# Car detailing quotes?



## The Beast (Sep 16, 2009)

Hi Everyone:wave:

Was wondering if you guys know any car detailing quotes:buffer: that you would like to share?


----------



## Clark @ PB (Mar 1, 2006)

"f*ck this for a laugh, it's too cold"


----------



## hotwaxxx (Jul 12, 2007)

Clark @ PB said:


> "f*ck this for a laugh, it's too cold"


:lol::lol::lol::lol::lol:


----------



## DE 1981 (Aug 17, 2007)

"I love homers it's easy money" said by so called professional detailer


----------



## Clark @ PB (Mar 1, 2006)

hotwaxxx said:


> :lol::lol::lol::lol::lol:


Never said by myself obviously, I get Alan to do all the cold stuff now


----------



## dominic84 (Jan 27, 2007)

"you can't polish a turd" 

"this is nothing a box of matches won't fix"


----------



## firebladerider0 (Dec 9, 2009)

dominic84 said:


> "you can't polish a turd"
> 
> "this is nothing a box of matches won't fix"

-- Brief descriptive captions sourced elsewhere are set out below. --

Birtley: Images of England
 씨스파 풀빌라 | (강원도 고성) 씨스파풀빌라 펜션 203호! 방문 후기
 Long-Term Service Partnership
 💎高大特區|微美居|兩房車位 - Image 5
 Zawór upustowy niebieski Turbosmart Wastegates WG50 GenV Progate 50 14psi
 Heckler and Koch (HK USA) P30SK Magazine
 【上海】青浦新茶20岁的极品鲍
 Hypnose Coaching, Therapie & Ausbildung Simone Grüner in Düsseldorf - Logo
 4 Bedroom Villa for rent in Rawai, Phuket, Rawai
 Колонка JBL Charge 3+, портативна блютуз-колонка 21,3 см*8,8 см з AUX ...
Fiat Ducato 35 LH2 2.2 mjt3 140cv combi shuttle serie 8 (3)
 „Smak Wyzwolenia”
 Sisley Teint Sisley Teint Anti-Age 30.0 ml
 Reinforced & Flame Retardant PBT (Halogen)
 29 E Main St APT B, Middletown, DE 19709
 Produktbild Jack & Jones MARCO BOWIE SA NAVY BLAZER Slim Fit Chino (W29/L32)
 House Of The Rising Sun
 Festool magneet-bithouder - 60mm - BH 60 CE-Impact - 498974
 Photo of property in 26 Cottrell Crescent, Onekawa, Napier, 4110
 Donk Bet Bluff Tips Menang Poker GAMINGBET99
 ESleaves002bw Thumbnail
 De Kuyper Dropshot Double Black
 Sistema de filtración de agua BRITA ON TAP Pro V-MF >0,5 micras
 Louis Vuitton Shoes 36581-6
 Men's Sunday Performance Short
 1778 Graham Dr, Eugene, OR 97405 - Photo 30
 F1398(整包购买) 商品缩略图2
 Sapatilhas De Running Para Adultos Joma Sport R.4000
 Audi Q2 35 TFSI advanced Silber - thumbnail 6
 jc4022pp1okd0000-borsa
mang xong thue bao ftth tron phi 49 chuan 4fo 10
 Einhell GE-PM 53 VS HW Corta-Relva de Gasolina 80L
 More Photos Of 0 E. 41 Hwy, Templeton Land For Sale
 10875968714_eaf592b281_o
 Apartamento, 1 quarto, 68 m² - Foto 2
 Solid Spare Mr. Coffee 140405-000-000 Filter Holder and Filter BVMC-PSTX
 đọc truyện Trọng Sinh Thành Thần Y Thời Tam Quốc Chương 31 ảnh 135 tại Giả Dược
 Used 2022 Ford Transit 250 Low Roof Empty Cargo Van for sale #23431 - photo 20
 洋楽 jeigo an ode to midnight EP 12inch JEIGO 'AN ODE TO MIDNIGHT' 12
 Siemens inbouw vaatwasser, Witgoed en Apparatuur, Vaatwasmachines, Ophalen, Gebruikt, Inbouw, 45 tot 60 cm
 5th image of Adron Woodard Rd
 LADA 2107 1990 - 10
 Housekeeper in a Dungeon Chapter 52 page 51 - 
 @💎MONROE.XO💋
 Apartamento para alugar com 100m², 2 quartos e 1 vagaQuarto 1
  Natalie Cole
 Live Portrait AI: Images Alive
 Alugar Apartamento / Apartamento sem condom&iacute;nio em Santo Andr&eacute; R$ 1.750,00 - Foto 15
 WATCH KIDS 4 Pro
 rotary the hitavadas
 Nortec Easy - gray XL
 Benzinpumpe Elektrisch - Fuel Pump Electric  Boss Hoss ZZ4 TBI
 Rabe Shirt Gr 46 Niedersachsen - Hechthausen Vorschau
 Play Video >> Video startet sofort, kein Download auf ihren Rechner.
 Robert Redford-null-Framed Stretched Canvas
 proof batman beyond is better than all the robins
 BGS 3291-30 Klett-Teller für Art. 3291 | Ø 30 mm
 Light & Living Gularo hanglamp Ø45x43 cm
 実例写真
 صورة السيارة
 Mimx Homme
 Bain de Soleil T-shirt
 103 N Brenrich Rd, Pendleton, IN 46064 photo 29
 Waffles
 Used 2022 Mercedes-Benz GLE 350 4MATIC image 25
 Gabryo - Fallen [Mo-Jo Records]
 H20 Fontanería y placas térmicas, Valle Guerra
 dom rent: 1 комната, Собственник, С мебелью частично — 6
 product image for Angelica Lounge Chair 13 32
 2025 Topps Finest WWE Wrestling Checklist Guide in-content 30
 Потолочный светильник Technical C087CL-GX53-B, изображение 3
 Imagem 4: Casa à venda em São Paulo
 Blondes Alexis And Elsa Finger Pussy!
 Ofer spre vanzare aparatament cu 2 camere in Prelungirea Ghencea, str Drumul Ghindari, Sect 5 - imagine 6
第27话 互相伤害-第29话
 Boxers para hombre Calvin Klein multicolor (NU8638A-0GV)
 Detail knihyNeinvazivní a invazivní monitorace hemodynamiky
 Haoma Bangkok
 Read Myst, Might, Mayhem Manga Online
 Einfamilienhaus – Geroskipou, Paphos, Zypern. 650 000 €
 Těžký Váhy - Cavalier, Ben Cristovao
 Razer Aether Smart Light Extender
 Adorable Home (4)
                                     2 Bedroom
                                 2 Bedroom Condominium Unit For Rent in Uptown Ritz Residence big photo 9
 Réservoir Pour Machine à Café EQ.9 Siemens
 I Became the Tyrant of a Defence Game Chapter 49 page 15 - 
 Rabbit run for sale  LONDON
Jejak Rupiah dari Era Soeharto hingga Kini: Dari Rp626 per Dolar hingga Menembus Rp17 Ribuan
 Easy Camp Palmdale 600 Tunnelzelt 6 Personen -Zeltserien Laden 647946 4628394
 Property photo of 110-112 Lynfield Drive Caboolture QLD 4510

In fact you can i watch it on mythbusters the other day lol.


----------



## bigmc (Mar 22, 2010)

dominic84 said:


> "you can't polish a turd"


I always reply with "you still wash your hair though don't you"


----------



## David (Apr 6, 2006)

"GavinPMV has an STD"


----------



## The_Bouncer (Nov 24, 2010)

> [ Stands back with hand on chin ] .... "hmmmmm dirty one innit mate..."


----------



## *Das* (Aug 9, 2010)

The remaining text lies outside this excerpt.